A Murrumbidgee Local Health District spokesperson said they are in discussions to find out more details about what the planning stage of the Tumut Hospital will entail, and will be able to make a comment soon.
Mr Maguire said he would be pushing for a new ambulance station as part of the plans, and community advocate Lorraine Wysman also said that it was a chance for the community to be “innovative” and push for things like improved rehabilitation facilities.
Following the Clinical Services Plan there are nine more phases in the building process according to NSW Government methodology, with six of them coming in before ‘construction,’ so the hospital certainly won’t be built overnight.

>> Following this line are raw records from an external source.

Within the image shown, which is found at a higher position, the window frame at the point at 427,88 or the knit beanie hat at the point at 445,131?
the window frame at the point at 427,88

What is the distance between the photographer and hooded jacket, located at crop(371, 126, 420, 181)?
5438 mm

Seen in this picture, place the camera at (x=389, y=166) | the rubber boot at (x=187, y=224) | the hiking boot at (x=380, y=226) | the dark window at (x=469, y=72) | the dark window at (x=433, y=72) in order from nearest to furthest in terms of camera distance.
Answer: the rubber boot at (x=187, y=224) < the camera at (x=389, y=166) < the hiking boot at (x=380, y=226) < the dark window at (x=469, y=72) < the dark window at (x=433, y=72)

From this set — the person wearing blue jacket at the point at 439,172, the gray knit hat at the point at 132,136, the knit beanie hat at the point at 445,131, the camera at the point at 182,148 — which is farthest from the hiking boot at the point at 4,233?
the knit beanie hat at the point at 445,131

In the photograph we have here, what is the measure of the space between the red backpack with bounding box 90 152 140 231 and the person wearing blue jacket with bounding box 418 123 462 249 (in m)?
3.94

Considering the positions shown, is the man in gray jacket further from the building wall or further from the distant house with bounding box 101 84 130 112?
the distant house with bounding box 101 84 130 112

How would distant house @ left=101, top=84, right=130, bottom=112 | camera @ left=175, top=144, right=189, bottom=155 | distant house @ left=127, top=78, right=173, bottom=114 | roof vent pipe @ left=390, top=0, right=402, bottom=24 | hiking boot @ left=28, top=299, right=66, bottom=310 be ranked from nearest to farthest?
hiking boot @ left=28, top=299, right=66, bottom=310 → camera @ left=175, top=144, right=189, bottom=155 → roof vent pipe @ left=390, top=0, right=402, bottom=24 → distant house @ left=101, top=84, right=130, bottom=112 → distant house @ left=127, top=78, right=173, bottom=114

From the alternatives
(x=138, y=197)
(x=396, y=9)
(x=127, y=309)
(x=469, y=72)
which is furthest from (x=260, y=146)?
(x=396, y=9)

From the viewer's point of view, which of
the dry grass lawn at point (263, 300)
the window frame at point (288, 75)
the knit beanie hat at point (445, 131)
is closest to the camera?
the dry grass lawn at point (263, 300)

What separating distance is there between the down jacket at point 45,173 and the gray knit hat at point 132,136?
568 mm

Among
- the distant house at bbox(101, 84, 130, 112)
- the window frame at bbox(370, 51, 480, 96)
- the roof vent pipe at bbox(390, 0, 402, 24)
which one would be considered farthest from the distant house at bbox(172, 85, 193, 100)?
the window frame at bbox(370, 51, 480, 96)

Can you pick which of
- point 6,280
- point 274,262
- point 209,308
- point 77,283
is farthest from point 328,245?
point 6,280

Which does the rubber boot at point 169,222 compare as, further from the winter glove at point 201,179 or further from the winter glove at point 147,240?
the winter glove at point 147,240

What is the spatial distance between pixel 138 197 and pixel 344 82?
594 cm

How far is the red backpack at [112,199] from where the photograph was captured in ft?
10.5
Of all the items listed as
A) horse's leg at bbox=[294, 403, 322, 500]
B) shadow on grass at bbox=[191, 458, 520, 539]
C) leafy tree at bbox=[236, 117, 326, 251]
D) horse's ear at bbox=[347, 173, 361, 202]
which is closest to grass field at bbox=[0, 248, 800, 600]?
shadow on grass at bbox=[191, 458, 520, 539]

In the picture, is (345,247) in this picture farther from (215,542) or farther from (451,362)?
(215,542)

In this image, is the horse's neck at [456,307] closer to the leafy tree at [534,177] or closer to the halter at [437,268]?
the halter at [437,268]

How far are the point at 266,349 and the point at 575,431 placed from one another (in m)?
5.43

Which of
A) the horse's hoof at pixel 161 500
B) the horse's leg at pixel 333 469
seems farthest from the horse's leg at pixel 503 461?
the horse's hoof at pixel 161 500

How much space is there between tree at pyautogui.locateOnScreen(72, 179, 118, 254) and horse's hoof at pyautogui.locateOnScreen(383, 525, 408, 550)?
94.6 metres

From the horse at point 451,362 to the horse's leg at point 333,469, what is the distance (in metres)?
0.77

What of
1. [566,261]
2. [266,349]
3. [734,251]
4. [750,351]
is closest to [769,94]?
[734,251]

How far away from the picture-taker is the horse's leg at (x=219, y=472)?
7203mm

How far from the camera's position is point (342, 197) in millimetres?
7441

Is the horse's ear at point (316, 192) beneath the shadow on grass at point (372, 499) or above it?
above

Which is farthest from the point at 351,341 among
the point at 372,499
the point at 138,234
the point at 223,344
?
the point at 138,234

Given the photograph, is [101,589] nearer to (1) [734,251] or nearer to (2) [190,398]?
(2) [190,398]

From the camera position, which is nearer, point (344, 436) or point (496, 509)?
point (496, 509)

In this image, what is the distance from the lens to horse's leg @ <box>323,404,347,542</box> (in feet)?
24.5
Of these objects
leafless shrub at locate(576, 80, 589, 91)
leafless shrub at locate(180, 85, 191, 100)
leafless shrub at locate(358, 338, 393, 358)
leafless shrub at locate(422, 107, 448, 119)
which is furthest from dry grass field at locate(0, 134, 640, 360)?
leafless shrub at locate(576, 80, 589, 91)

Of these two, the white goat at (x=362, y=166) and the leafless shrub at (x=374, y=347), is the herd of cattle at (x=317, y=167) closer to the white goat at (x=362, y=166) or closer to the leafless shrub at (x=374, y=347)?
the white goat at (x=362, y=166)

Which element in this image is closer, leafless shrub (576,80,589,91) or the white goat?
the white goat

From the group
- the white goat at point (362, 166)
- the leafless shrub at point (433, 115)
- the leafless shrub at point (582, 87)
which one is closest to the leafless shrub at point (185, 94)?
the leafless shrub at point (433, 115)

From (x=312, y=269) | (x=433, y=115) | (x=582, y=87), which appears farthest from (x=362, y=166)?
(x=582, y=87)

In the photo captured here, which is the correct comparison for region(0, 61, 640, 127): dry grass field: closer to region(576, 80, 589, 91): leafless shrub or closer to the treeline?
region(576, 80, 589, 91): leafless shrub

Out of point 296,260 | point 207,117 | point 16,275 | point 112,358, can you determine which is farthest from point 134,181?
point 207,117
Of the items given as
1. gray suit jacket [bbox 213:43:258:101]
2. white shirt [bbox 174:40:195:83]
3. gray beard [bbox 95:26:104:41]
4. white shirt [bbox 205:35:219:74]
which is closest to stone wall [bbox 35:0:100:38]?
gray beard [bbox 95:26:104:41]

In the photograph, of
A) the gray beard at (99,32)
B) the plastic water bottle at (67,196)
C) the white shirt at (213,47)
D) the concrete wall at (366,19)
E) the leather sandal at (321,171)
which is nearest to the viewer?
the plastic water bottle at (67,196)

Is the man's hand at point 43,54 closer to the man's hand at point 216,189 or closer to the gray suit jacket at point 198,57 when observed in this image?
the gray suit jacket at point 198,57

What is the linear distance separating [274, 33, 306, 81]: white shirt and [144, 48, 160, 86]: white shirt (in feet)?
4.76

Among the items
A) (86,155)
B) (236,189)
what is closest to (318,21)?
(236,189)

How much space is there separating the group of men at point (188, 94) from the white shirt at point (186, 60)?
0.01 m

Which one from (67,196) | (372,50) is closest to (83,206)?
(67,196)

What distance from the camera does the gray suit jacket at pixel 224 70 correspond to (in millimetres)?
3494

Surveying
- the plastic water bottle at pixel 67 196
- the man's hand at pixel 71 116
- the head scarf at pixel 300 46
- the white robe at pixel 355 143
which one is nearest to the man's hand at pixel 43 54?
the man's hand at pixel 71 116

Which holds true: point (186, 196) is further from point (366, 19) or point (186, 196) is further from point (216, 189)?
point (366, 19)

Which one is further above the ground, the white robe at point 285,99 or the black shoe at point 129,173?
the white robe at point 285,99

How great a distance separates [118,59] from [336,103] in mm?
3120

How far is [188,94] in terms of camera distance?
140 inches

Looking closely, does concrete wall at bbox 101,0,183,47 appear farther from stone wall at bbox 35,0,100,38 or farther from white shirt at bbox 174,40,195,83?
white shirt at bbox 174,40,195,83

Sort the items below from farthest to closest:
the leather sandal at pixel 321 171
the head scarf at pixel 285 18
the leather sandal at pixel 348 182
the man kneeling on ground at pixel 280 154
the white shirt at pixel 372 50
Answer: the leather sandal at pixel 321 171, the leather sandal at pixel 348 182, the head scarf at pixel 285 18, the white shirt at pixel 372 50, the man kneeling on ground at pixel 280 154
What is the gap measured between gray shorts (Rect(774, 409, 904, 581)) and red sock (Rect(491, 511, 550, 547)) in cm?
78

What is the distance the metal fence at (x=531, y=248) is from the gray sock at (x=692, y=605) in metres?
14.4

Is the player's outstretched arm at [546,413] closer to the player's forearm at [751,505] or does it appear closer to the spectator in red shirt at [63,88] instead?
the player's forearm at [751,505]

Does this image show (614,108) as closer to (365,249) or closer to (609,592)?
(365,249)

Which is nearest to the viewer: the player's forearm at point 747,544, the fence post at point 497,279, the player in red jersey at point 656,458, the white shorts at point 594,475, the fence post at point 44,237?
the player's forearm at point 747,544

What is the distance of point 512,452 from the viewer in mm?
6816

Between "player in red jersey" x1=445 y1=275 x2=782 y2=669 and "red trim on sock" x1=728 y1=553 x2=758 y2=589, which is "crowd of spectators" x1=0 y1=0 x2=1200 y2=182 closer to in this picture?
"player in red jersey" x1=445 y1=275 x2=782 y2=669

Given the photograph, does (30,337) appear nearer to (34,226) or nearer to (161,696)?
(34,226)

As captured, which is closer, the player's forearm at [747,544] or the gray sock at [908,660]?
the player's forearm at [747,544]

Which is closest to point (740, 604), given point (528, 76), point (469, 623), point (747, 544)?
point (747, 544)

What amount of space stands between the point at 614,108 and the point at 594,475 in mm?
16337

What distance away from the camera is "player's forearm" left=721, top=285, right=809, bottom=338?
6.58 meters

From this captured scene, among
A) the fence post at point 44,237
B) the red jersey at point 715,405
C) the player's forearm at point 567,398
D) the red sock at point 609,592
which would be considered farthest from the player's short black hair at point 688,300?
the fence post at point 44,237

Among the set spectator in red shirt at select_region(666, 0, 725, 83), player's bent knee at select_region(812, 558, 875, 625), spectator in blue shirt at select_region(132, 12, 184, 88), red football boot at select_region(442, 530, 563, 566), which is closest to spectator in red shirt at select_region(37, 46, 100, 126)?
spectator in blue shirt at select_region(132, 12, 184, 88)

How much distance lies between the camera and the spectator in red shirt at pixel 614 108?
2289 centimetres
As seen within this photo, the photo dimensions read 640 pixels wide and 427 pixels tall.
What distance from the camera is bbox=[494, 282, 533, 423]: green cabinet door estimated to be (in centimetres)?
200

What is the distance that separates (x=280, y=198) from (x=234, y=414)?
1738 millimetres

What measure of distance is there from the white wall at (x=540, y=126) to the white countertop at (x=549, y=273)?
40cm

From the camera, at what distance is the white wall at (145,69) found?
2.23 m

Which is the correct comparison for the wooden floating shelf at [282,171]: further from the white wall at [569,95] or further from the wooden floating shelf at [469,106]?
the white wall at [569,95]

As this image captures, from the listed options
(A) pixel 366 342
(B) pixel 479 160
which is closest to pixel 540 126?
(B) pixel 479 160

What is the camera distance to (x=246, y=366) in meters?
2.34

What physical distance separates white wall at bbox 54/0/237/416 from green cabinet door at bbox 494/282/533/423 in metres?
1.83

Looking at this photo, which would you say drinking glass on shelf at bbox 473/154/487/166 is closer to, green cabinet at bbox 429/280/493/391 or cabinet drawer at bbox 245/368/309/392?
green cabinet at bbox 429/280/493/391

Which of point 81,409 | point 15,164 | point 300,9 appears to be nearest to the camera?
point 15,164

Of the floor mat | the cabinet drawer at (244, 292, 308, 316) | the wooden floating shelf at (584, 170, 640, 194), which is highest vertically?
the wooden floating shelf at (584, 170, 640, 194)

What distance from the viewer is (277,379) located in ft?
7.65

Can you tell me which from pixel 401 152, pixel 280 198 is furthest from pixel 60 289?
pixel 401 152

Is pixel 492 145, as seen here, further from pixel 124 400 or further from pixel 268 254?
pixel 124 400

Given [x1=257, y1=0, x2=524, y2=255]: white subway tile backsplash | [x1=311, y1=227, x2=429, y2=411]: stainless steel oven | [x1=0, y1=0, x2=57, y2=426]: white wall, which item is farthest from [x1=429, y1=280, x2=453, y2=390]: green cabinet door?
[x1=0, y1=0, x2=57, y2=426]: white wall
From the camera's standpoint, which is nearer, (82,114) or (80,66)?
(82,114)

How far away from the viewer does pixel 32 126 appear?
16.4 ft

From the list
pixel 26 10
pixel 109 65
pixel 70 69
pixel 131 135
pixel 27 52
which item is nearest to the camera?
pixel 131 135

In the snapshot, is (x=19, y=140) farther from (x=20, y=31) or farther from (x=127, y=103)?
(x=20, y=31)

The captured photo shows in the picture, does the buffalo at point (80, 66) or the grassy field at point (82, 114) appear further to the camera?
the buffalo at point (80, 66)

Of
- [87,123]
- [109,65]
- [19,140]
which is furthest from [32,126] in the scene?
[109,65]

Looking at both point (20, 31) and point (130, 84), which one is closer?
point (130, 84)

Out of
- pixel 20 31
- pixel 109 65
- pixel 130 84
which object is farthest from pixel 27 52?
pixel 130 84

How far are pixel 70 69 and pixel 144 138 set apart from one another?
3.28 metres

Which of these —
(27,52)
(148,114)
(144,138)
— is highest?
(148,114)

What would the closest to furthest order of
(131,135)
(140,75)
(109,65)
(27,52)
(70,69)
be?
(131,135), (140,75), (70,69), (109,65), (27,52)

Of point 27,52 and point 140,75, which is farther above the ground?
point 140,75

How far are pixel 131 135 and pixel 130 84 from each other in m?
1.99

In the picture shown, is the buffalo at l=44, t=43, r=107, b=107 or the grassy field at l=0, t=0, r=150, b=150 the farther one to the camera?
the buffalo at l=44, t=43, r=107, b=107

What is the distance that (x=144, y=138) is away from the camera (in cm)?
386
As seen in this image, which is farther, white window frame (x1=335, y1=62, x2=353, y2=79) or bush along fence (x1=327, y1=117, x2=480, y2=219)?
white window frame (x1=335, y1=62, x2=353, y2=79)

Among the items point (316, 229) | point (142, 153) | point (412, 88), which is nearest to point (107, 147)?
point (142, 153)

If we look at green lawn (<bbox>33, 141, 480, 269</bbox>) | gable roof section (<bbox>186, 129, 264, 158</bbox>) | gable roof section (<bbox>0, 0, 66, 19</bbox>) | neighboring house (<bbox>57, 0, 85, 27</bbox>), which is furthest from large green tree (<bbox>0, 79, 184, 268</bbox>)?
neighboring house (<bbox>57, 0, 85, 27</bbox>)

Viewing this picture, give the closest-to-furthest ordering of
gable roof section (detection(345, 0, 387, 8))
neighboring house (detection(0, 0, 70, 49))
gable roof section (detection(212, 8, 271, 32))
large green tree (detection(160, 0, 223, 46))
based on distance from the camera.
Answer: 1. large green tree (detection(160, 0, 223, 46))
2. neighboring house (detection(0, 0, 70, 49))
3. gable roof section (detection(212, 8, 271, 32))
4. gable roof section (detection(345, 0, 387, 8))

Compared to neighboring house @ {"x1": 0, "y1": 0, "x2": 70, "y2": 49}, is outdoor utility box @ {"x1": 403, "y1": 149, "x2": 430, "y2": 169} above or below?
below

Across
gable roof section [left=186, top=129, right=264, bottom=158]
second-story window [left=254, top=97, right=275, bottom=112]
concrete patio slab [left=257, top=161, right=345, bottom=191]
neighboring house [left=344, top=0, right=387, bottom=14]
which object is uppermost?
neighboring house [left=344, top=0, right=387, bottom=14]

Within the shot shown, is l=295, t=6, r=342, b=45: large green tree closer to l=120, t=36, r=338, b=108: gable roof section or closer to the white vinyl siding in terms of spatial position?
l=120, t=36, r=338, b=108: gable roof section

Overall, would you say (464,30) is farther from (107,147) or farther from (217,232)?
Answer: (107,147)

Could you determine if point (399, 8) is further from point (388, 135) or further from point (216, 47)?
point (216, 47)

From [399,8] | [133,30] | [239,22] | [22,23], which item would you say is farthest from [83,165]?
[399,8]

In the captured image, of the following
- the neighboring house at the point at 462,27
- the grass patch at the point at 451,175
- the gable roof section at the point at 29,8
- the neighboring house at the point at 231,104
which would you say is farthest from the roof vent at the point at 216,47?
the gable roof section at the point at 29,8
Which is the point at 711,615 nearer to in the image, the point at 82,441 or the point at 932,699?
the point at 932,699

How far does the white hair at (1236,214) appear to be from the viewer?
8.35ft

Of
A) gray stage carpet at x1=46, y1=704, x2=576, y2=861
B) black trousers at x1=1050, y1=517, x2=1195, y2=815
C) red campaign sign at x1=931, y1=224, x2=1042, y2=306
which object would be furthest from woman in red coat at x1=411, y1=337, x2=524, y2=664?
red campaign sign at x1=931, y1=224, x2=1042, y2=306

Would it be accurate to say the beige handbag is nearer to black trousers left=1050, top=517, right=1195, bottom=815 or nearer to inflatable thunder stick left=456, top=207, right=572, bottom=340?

Sue Swann, former Chair of the ‘No More Bandaids’ group which lobbied hard for a new hospital for ten years before giving up, said that she still fears it won’t be built at all.
“I’ll believe it when I see it,” she said.
“We were categorically told by the council here that we would be walking into a new hospital at the beginning of 2007. Over time, the people of Tumut have been duped, and people in the health profession as well, by the governing bodies.
“I am not confident that I will ever see a new hospital in Tumut in my lifetime, and most of the other campaigners have died since. It’s really quite sad.”
It’s also worth noting that planning is rather cautiously described in the budget as being for a “potential future upgrade” of the hospital.
However, Ms Swann is not walking away from her position that a new Hospital is something the community desperately needs.
“You talk to any doctor that’s come and gone because they’ve been so disgusted by the conditions of the hospital, and they’ll tell you that there’s some pretty nasty bugs in the walls and in the floors,” she said.
“I was there when the Asset Audit Report said that it was ‘unfit for human habitation’ in 2007, and it hasn’t changed much since then. “Tumut has lost out for a long time.”